The technique is discussed in some detail in recipe 3.7 of the O'Reilly Ruby Cookbook

bjg
+2  A: 

Since it appears you are using rails, you have quite a few options. I suggest reading this article that talks all about time zones.

To convert to PST, both of these are rails-specific methods. No need to re-invent the wheel:

time = Time.parse("07/09/10 14:50")
time.in_time_zone("Pacific Time (US & Canada)")

Hope this helps

UPDATE: rails might try to get smart and give the time you specify as a string a time zone.

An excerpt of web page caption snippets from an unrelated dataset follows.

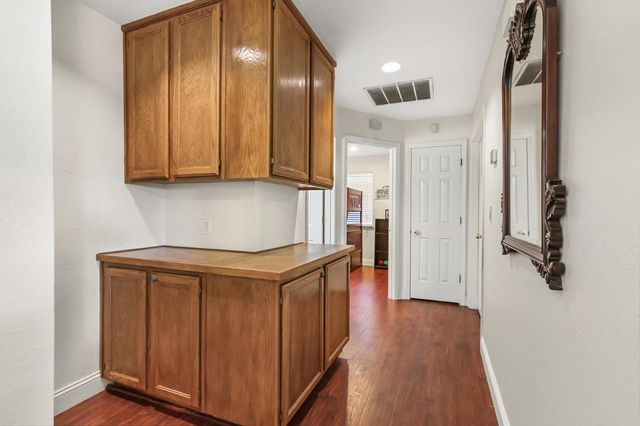6109 Brockenhurst Dr, Elk Grove, CA 95758
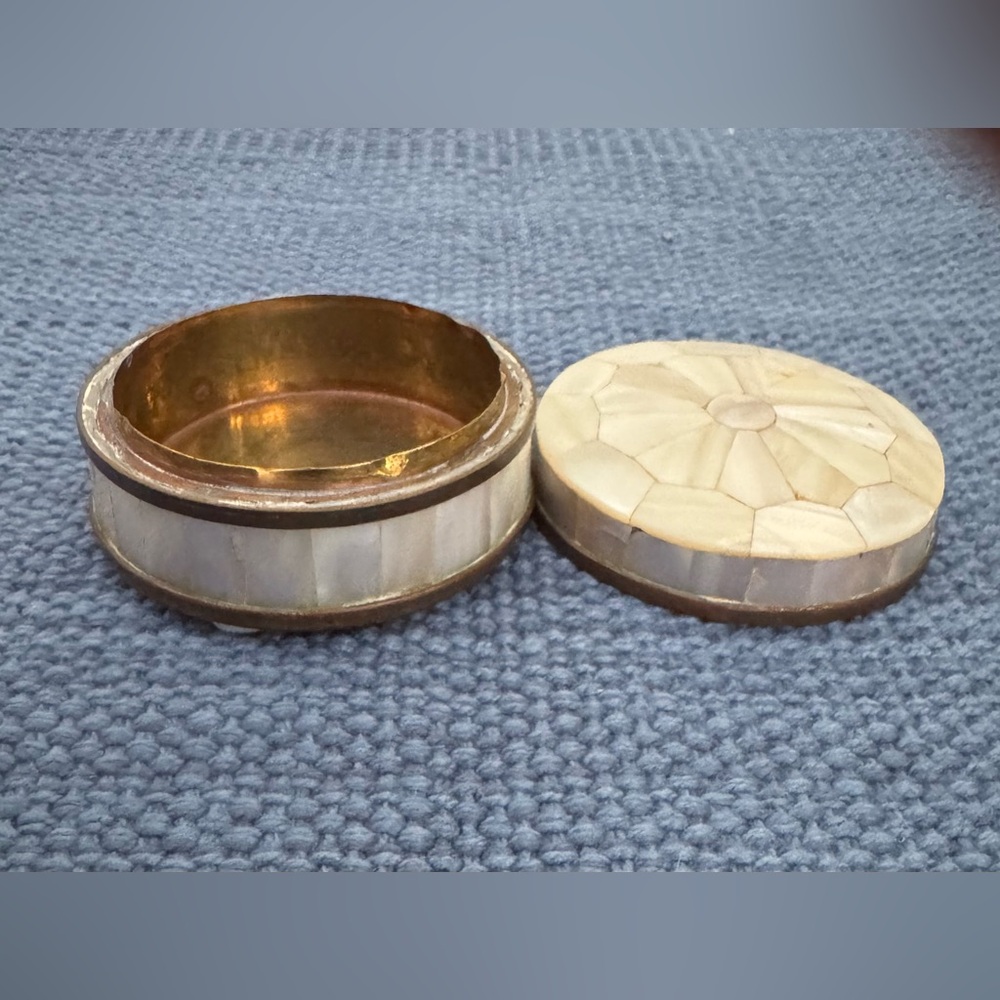 Vintage Mother of Pearl & Brass Round Trinket Box - Picture 7 of 7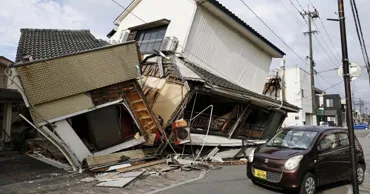 Cel puțin 13 morți după cutremurul din Japonia. Salvatorii caută dispăruții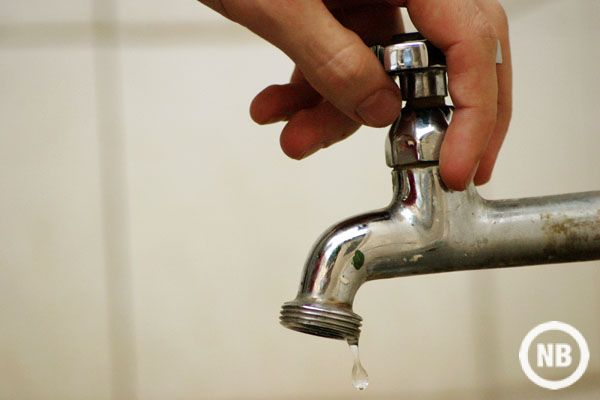 Rompimento de rede afeta distribuição de água em três bairros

To ensure that the time parses as UTC, you should specify in the string:

time = Time.parse("07/09/10 14:50 UTC")
time.in_time_zone("Pacific Time (US & Canada)")
Geoff Lanotte
i had a look at the article but it dosent show how i can convert from string form to date or time object? the method dosent work if i call it on the string "07/09/10 14:50"
Mo
I added the `Time.parse` statement to get the time from a string.
Geoff Lanotte
+3  A: 

To convert from string form to a date or time object you need to use strptime

require 'date'
require 'time'

my_time_string = "07/09/10 14:50"
to_datetime = DateTime.strptime(my_time_string, "%m/%d/%y %H:%M")    

utc_time = Time.parse(to_datetime.to_s).utc
pacific_time = utc_time - Time.zone_offset("PDT")

puts utc_time
puts pacific_time

This is pure ruby, so there are likely some rails-specific methods you could use specifically for this task, but this should get you started.